## Data in this exercise
· · ·

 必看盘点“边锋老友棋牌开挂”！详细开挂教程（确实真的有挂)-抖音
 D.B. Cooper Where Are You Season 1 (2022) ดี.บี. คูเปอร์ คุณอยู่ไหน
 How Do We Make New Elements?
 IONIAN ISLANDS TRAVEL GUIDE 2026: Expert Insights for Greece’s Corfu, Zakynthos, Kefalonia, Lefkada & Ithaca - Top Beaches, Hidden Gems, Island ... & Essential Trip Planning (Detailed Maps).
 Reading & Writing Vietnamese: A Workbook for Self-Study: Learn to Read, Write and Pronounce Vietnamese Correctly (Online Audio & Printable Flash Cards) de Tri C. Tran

· · ·

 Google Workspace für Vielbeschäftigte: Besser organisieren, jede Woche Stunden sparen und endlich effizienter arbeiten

· · ·

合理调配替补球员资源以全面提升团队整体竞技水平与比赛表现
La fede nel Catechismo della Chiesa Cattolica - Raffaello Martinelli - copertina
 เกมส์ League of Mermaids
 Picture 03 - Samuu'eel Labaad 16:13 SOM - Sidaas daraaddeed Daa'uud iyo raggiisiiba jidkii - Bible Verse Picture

· · ·

## How to complete this task
Produce a word-for-word copy of everything above from the line holding "合理调配替补球员资源以全面提升团队整体竞技水平与比赛表现" down to the line holding "Picture 03 - Samuu'eel", with both of those lines kept.

## Solution to this exercise
合理调配替补球员资源以全面提升团队整体竞技水平与比赛表现
La fede nel Catechismo della Chiesa Cattolica - Raffaello Martinelli - copertina
 เกมส์ League of Mermaids
 Picture 03 - Samuu'eel Labaad 16:13 SOM - Sidaas daraaddeed Daa'uud iyo raggiisiiba jidkii - Bible Verse Picture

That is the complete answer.